La decisión de contraer matrimonio debe ser resultado de una larga reflexión, evaluando los pros y los contras.

Es preciso pensar que más allá de ese grado de enamoramiento presente, que puede producir decisiones equivocadas, casarse significa comprometerse para toda la vida, al menos en principio.

Ya se sabe que el amor es ciego y que en estado de enamoramiento total no se ve ningún inconveniente, siendo todo ideal e inmejorable. Pero hay que saber que cuando ese acaloramiento romántico termine estarás casado/a y comprometido/a para vivir con esa persona.

Realmente, el concepto del matrimonio ha cambiado en los últimos años. Antes era un paso necesario y natural entre dos personas, a veces ni siquiera enamoradas. La sociedad no veía con buenos ojos la convivencia sin la previa visita a la vicaria. Además el matrimonio era garantía de no soledad y para las mujeres que sólo tenían como objetivo y profesión en la vida el ser "esposas", un contrato de supervivencia.

Pero afortunadamente, esas circunstancias han cambiado: la sociedad ya no ve mal las relaciones de pareja no formalizadas, la mujer es independiente profesional y económicamente, y quedarse soltero no es equivalente a ser desgraciado.

El matrimonio debe ser sobre todo un símbolo de confianza y entrega, pero ese símbolo podría sustituirse por una simple promesa.

No olvidemos que aunque se trate de una boda religiosa, de verdad lo que se efectúa en todos los tipos de enlaces (civil por ayuntamiento o juzgado, o religiosa en cualquiera de las religiones) es un contrato legal que con lleva deberes y derechos de los cónyuges: este contrato une a las dos personas indefinidamente, a menos que exista el divorcio, y que hay que estudiar con sometimiento.

El fin de la pareja, si existe por medio un contrato, aún es más duro que el simple adiós, porque existen divisiones, y responsabilidades que hay que afrontar. Se espera que el matrimonio sea eterno, pero siempre hay que cubrir un mal fin con acuerdos prematrimoniales.

Hoy en día el contrato más importante de una pareja suele ser el de hipoteca del piso, que une y obliga realmente más que el del matrimonio, que efectivamente tiene más deberes mucho más exigentes.

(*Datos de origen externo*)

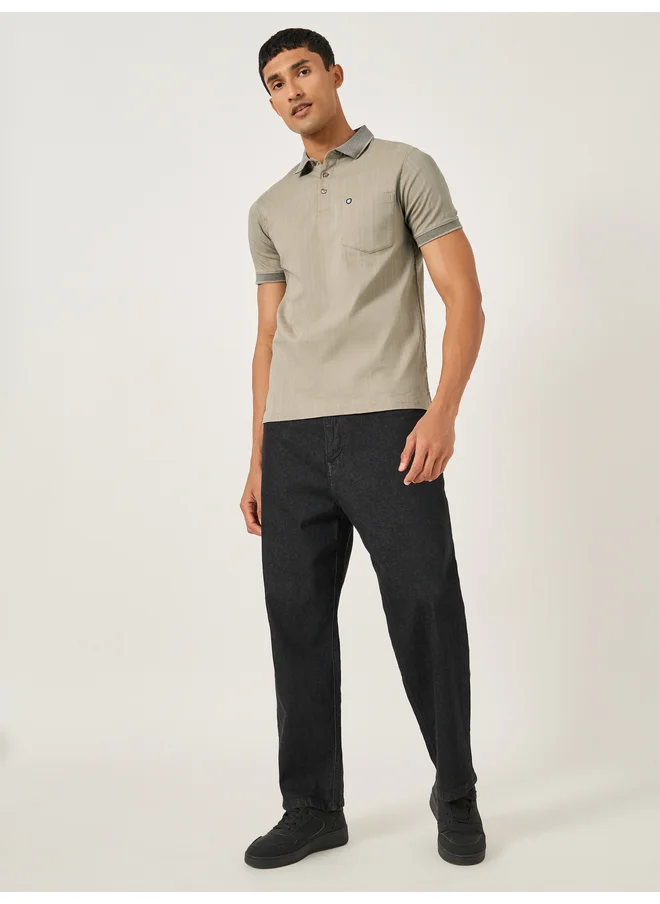 فورت كولينز Fort Collins Men Brown Striped Pocket Detail Regular Fit Polo T-Shirt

Y actualmente, el enlace se ha convertido en un acto social, mediático, en una fiesta familiar y de amigos para celebrar la relación y afianzarla definitivamente de cara a la sociedad. Porque en la realidad la relación de amor ha de ir por un lado y ser íntima, y por otro, la fiesta y el contrato civil, importante económicamente, pero nada más.

Especialmente el contrato de matrimonio es si es más significativo cuando existen hijos, por aquello de las obligaciones y derechos de custodia respecto a ellos.

En resumen, es necesario alejarse de las modas, de las normas sociales, de la conveniencia de lo bien hecho, y decidir en base a las convicciones religiosas y las circunstancias (hipotecas, compras y ganancias comunes, hijos, etc).